WHAT IS BEING ASKED: When you reach the line in the data below that contains "CDC investigating possible", please start repeating lines exactly, and stop after the line that contains "Gallbladder pain concept.", repeating nothing else.

THE RECORDS:
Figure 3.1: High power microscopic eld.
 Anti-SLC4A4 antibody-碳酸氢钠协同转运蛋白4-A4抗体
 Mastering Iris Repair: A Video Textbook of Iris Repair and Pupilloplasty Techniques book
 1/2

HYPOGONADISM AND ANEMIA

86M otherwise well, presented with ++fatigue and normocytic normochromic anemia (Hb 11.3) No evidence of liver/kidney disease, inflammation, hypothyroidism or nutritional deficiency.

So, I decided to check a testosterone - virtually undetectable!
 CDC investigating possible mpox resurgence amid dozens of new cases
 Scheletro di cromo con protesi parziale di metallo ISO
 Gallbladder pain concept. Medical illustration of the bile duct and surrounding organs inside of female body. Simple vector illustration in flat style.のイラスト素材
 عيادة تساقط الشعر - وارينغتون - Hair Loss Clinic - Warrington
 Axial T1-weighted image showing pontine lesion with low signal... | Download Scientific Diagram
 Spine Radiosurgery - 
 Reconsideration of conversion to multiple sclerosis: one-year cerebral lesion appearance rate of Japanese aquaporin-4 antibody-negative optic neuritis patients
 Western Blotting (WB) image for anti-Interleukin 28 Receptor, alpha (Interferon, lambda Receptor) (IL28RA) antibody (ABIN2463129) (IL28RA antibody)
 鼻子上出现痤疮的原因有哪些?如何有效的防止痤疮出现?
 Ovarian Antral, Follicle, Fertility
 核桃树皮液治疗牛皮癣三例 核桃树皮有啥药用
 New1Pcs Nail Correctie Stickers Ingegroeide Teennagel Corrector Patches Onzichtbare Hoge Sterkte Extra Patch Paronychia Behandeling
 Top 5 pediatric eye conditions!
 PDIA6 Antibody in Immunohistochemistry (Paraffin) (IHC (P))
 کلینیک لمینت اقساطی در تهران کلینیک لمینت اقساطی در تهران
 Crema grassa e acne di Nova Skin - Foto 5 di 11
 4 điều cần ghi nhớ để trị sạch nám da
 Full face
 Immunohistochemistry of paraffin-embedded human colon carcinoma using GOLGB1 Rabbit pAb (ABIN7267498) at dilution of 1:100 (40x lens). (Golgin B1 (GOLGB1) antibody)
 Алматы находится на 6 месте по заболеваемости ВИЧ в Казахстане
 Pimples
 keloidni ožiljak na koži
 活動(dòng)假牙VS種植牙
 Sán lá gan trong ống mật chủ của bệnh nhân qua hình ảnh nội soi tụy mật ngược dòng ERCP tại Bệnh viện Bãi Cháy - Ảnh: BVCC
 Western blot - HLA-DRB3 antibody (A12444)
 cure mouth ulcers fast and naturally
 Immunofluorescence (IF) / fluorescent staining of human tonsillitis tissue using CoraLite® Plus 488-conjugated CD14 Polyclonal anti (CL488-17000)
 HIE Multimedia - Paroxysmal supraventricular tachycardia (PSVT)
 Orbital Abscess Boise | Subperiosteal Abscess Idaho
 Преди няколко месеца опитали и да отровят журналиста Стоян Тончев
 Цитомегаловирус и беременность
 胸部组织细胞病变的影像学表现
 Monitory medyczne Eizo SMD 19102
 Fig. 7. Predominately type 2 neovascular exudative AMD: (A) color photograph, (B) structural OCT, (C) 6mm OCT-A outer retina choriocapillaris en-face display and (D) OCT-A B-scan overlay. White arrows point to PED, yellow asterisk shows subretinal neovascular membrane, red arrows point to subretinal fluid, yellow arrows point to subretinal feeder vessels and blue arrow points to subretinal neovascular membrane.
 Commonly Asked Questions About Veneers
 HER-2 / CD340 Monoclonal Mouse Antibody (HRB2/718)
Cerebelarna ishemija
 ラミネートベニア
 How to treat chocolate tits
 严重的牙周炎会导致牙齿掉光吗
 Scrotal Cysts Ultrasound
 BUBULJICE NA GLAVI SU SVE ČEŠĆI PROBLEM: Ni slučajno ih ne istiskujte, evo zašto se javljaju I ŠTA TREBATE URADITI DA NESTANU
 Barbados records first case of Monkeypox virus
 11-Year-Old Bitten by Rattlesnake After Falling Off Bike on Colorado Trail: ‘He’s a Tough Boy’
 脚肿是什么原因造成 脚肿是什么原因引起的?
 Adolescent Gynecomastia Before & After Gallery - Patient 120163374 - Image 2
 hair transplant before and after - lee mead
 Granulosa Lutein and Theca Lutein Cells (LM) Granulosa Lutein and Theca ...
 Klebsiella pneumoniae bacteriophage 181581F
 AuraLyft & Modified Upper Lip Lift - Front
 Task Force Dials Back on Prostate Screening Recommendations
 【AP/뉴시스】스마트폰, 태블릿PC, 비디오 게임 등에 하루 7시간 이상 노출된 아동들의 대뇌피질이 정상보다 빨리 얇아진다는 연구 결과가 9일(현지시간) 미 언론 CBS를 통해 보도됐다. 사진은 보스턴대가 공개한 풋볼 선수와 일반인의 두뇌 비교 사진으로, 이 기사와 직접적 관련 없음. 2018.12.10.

OUTPUT:
 CDC investigating possible mpox resurgence amid dozens of new cases
 Scheletro di cromo con protesi parziale di metallo ISO
 Gallbladder pain concept. Medical illustration of the bile duct and surrounding organs inside of female body. Simple vector illustration in flat style.のイラスト素材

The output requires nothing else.